Am J Transplant. 2020 Jan;20(1):159-171. doi: 10.1111/ajt.15591. Epub 2019 Oct 19.
This study assessed the efficacy and safety of the anti-CD40 monoclonal antibody bleselumab (ASKP1240) in de novo kidney transplant recipients over 36 months posttransplant. Transplant recipients were randomized (1:1:1) to standard of care (SoC: 0.1 mg/kg per day immediate-release tacrolimus [IR-TAC]; target minimum blood concentration [C ] 4-11 ng/mL plus 1 g mycophenolate mofetil [MMF] twice daily) or bleselumab (200 mg on days 0/7/14/28/42/56/70/90, and monthly thereafter) plus either MMF or IR-TAC (0.1 mg/kg per day; target C 4-11 ng/mL days 0-30, then 2-5 ng/mL). All received basiliximab induction (20 mg pretransplant and on days 3-5 posttransplant) and corticosteroids. One hundred thirty-eight transplant recipients received ≥1 dose of study drug (SoC [n = 48]; bleselumab + MMF [n = 46]; bleselumab + IR-TAC [n = 44]). For the primary endpoint (incidence of biopsy-proven acute rejection [BPAR] at 6 months), bleselumab + IR-TAC was noninferior to SoC (difference 2.8%; 95% confidence interval [CI] -8.1% to 13.8%), and bleselumab + MMF did not demonstrate noninferiority to SoC (difference 30.7%; 95% CI 15.2%-46.2%). BPAR incidence slightly increased through month 36 in all groups, with bleselumab + IR-TAC continuing to demonstrate noninferiority to SoC. Bleselumab had a favorable benefit-risk ratio. Most treatment-emergent adverse events were as expected for kidney transplant recipients (ClinicalTrials.gov NCT01780844).

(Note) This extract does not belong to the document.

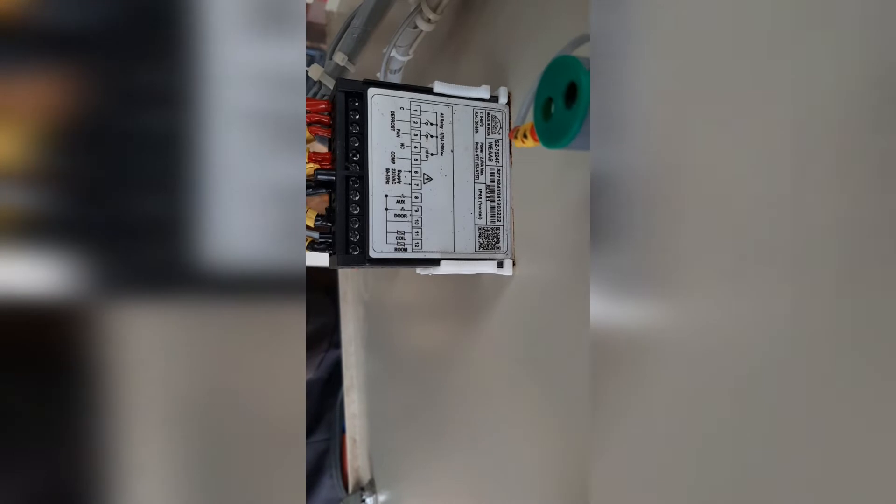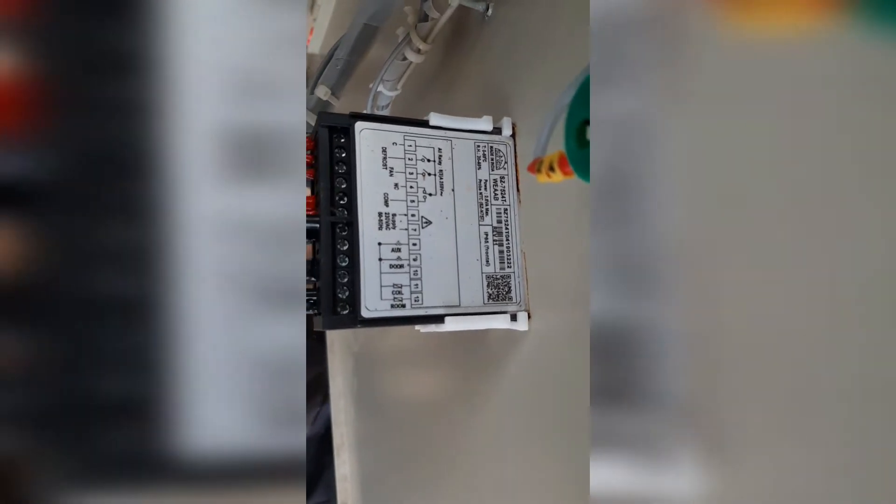This is the sub-zero controller. Model number is 5424T — 75240.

本研究评估了抗CD40单克隆抗体布莱昔单抗(ASKP1240)在肾移植受者移植后36个月内的疗效和安全性。将移植受者随机分为三组(1:1:1):标准治疗组(SoC:每日0.1mg/kg速释他克莫司[IR-TAC];目标最低血药浓度[C]4-11ng/mL加每日两次1g霉酚酸酯[MMF])或布莱昔单抗组(第0/7/14/28/42/56/70/90天给予200mg,此后每月一次)加MMF或IR-TAC(每日0.1mg/kg;第0-30天目标C 4-11ng/mL,然后2-5ng/mL)。所有患者均接受巴利昔单抗诱导治疗(移植前及移植后第3-5天给予20mg)和糖皮质激素治疗。138名移植受者接受了≥1剂研究药物(SoC组[n = 48];布莱昔单抗+MMF组[n = 46];布莱昔单抗+IR-TAC组[n = 44])。对于主要终点(6个月时活检证实的急性排斥反应[BPAR]发生率),布莱昔单抗+IR-TAC不劣于SoC组(差异2.8%;95%置信区间[CI]-8.1%至13.8%),而布莱昔单抗+MMF未显示不劣于SoC组(差异30.7%;95%CI 15.2%-46.2%)。在所有组中,BPAR发生率在36个月内略有上升,布莱昔单抗+IR-TAC组继续显示不劣于SoC组。布莱昔单抗具有良好的效益风险比。大多数治疗中出现的不良事件与肾移植受者预期的一致(ClinicalTrials.gov NCT01780844)。